Dari sektor tenaga kerja, secara keseluruhan industri tembakau menyerap sekitar 4.154 juta tenaga kerja, dimana 93,77% diserap kegiatan usaha tani termasuk pasca-panen. Sedangkan tenaga kerja di sektor pengolahan rokok hanya menyerap sekitar 6,23%.

Lebih rincinya 1,25 juta orang telah menggantungkan hidupnya bekerja di ladang cengkeh dan tembakau, 10 juta orang terlibat langsung dalam industri rokok, dan 24,4 juta orang terlibat secara tidak langsung dalam industri rokok. “Kalau industri nasional kretek ini dimatikan, entah apa dampaknya,” tegasnya.
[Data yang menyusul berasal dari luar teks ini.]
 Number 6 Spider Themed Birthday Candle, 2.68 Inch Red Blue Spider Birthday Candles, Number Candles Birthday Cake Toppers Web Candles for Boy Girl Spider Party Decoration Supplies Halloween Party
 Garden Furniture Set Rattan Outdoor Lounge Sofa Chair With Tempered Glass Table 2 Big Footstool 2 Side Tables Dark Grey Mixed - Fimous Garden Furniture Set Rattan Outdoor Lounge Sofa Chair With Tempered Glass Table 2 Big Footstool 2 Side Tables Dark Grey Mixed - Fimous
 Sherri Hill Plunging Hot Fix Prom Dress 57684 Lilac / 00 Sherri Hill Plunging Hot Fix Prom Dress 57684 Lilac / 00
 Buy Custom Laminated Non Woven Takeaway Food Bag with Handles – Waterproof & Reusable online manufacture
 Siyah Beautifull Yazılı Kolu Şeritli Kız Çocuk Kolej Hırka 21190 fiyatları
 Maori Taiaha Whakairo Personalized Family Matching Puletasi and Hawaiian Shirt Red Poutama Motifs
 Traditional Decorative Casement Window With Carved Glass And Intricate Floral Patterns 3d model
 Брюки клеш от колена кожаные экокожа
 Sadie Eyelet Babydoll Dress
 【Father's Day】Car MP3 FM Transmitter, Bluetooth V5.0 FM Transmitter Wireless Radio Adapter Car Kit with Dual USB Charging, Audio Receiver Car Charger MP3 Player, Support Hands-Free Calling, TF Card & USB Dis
Menurut Poempida, dampak diterapkannya PMK 78/2013 ini adalah menciptakan harga cukai yang tinggi. Hal itu memang sengaja diciptakan pemerintah dalam konteks korelasi target income pendapatan pemerintah untuk APBN. Padahal, harga cukai yang tinggi kalau dilihat dampak untuk kesehatan secara statistik tidak mengurangi jumlah kebiasaan orang merokok dan tidak mempengaruhi juga guna menguranginya.

“Cukai rokok tinggi pun tidak akan berdampak dalam konteks inflasi, karena rokok bukan variabel yang sensitif dalam ekonomi pasar,” ungkap Poempida.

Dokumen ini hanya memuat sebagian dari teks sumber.